- [EXERCISE DESCRIPTION] Nothing outside the range is wanted. Repeat exactly the lines below from the one with "Shoulder Elbow Suede Patch Black Tee" through the one with "20% Discount !".

- [GIVEN INFORMATION]
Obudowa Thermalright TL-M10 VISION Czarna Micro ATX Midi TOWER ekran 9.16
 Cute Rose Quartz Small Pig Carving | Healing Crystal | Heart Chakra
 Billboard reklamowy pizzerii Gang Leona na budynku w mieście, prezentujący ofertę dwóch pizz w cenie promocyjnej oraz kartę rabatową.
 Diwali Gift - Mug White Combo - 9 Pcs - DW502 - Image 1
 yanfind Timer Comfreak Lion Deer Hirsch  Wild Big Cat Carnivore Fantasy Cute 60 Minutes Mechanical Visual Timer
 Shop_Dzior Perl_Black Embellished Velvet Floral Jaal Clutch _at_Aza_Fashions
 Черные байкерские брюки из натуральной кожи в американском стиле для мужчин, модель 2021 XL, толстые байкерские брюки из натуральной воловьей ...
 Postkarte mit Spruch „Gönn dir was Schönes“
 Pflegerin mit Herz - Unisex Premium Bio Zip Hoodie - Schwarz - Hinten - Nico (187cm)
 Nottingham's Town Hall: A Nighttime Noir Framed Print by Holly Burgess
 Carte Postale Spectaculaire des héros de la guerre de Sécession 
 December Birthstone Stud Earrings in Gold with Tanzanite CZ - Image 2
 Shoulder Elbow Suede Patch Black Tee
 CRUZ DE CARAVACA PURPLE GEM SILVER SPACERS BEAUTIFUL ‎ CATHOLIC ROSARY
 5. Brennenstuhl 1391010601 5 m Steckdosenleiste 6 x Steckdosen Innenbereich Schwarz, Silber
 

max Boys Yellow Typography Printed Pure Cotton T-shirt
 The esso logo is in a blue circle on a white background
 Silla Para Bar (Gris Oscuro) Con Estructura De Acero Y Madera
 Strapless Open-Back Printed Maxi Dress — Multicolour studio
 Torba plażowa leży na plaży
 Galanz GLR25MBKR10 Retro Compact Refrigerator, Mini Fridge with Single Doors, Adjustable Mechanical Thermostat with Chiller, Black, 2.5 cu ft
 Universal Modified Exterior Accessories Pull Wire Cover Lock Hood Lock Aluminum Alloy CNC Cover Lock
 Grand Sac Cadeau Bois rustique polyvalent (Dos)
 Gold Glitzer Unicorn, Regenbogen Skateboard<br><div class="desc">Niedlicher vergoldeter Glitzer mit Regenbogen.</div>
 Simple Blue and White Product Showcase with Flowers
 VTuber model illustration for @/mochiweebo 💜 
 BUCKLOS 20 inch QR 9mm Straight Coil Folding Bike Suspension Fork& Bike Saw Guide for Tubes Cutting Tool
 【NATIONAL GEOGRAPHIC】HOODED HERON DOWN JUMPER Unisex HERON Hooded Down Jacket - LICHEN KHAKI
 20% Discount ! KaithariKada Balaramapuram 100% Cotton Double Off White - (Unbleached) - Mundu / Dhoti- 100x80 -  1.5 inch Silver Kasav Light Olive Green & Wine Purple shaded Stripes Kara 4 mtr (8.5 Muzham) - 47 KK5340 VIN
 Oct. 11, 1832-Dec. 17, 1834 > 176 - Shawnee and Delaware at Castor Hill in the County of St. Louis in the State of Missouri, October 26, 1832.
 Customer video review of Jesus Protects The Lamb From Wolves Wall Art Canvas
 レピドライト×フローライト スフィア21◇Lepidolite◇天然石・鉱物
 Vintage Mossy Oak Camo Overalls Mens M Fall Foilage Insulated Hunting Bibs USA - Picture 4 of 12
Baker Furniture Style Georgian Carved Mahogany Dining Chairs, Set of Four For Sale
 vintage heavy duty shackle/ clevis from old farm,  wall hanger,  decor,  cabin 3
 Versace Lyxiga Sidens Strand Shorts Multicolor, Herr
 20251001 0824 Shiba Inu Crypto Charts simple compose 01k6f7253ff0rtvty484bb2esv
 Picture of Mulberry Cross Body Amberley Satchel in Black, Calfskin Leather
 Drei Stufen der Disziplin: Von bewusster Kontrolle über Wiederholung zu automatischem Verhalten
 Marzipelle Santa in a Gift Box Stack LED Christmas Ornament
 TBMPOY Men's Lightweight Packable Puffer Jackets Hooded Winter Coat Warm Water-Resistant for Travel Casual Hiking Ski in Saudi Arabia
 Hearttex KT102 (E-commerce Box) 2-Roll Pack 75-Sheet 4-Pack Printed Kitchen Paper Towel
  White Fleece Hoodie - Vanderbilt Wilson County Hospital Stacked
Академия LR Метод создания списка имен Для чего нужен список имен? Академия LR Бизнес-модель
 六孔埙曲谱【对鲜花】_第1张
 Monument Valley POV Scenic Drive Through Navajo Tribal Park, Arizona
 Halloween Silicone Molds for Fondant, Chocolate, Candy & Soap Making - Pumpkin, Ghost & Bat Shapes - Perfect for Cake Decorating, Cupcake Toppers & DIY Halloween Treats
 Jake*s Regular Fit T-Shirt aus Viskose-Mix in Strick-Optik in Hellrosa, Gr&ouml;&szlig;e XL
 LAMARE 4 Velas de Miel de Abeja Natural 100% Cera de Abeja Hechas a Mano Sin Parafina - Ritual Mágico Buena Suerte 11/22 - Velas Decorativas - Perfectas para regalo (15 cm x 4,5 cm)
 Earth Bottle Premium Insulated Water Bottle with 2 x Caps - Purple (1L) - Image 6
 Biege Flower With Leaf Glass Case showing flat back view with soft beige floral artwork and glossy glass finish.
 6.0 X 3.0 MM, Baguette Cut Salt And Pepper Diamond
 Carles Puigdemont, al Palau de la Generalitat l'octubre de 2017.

- [OUTPUT OF THE EXERCISE]
 Shoulder Elbow Suede Patch Black Tee
 CRUZ DE CARAVACA PURPLE GEM SILVER SPACERS BEAUTIFUL ‎ CATHOLIC ROSARY
 5. Brennenstuhl 1391010601 5 m Steckdosenleiste 6 x Steckdosen Innenbereich Schwarz, Silber
 

max Boys Yellow Typography Printed Pure Cotton T-shirt
 The esso logo is in a blue circle on a white background
 Silla Para Bar (Gris Oscuro) Con Estructura De Acero Y Madera
 Strapless Open-Back Printed Maxi Dress — Multicolour studio
 Torba plażowa leży na plaży
 Galanz GLR25MBKR10 Retro Compact Refrigerator, Mini Fridge with Single Doors, Adjustable Mechanical Thermostat with Chiller, Black, 2.5 cu ft
 Universal Modified Exterior Accessories Pull Wire Cover Lock Hood Lock Aluminum Alloy CNC Cover Lock
 Grand Sac Cadeau Bois rustique polyvalent (Dos)
 Gold Glitzer Unicorn, Regenbogen Skateboard<br><div class="desc">Niedlicher vergoldeter Glitzer mit Regenbogen.</div>
 Simple Blue and White Product Showcase with Flowers
 VTuber model illustration for @/mochiweebo 💜 
 BUCKLOS 20 inch QR 9mm Straight Coil Folding Bike Suspension Fork& Bike Saw Guide for Tubes Cutting Tool
 【NATIONAL GEOGRAPHIC】HOODED HERON DOWN JUMPER Unisex HERON Hooded Down Jacket - LICHEN KHAKI
 20% Discount ! KaithariKada Balaramapuram 100% Cotton Double Off White - (Unbleached) - Mundu / Dhoti- 100x80 -  1.5 inch Silver Kasav Light Olive Green & Wine Purple shaded Stripes Kara 4 mtr (8.5 Muzham) - 47 KK5340 VIN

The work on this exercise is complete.